## TRY IT
Each line in the data must be reproduced as written, except for any picture.

## STORED DATA
"""

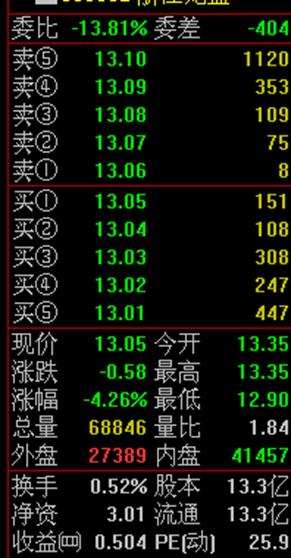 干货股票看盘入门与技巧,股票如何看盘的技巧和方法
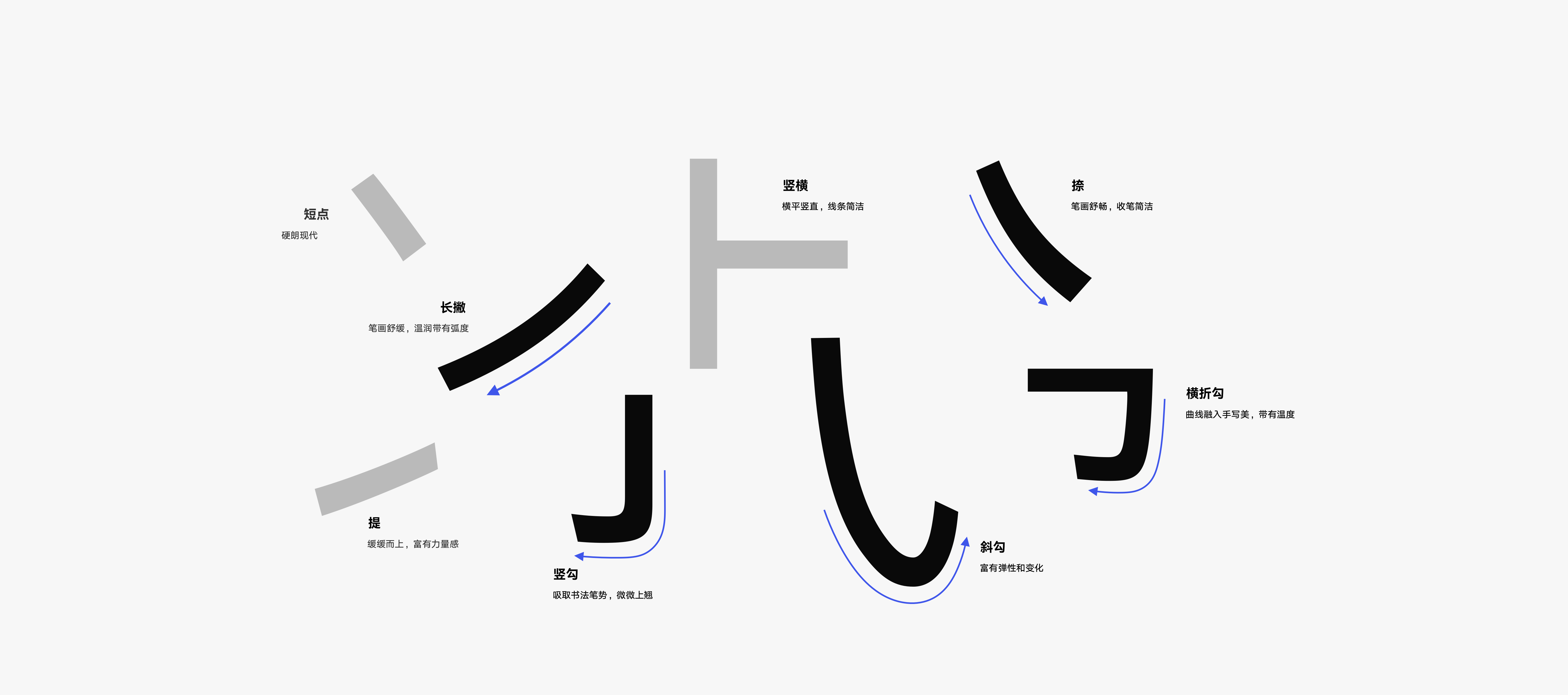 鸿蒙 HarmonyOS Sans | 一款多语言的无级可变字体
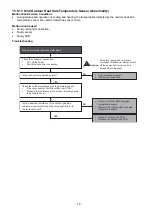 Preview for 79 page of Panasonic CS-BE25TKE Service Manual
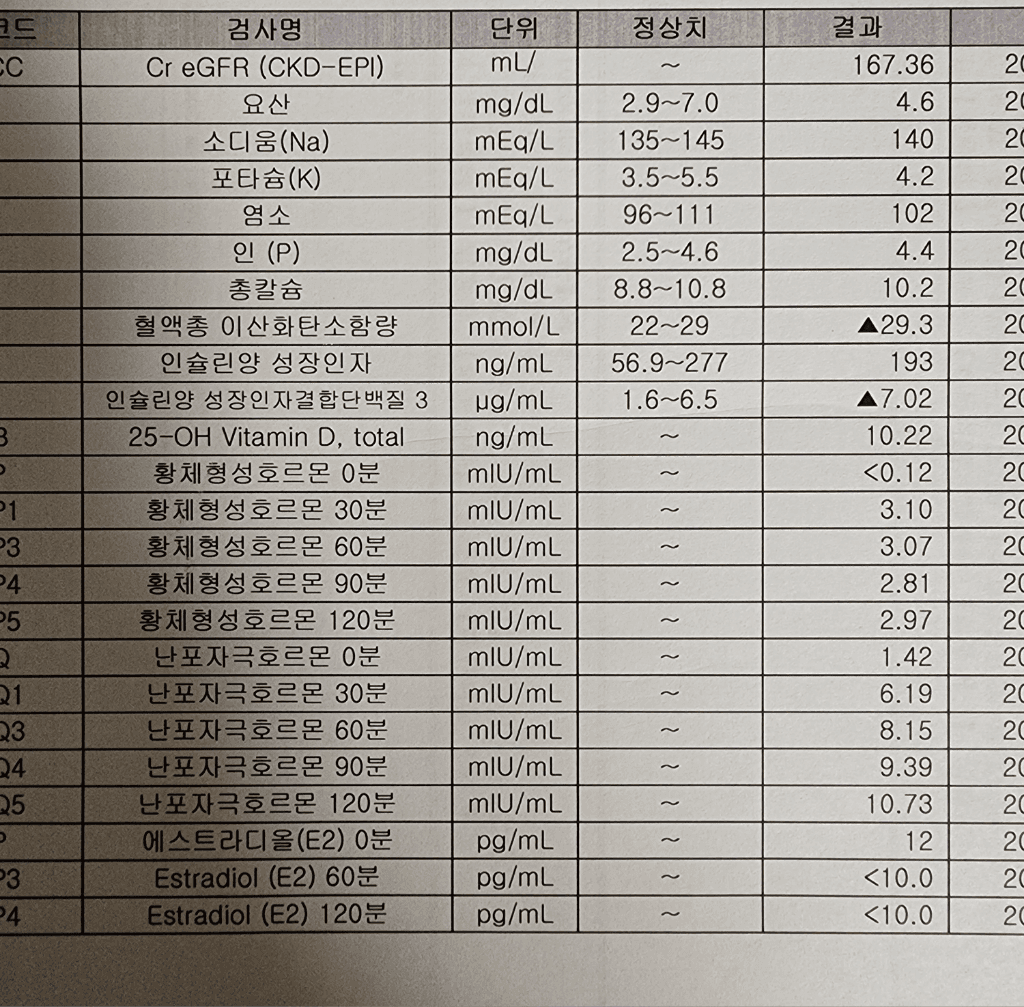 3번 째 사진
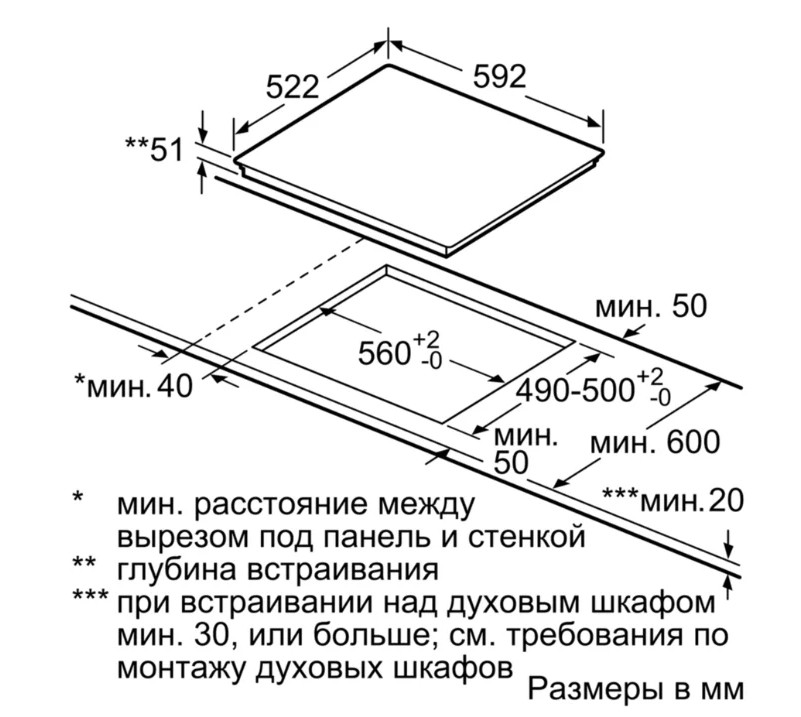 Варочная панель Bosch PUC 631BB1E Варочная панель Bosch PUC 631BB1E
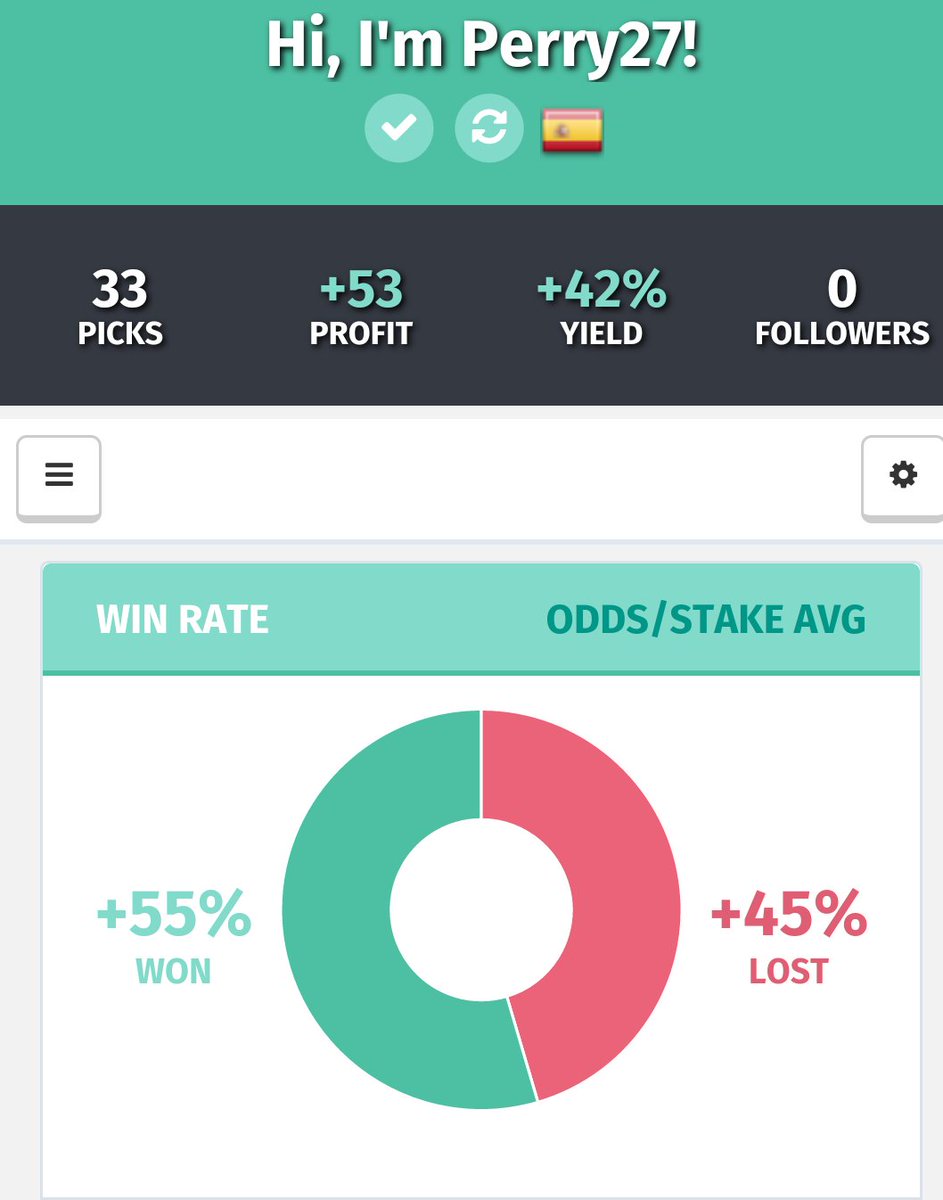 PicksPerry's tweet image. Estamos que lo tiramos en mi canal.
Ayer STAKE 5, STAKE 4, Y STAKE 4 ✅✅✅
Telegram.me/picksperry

"""

## RESPONSE
 干货股票看盘入门与技巧,股票如何看盘的技巧和方法
 鸿蒙 HarmonyOS Sans | 一款多语言的无级可变字体
 Preview for 79 page of Panasonic CS-BE25TKE Service Manual
 3번 째 사진
 Варочная панель Bosch PUC 631BB1E Варочная панель Bosch PUC 631BB1E
 PicksPerry's tweet image. Estamos que lo tiramos en mi canal.
Ayer STAKE 5, STAKE 4, Y STAKE 4 ✅✅✅
Telegram.me/picksperry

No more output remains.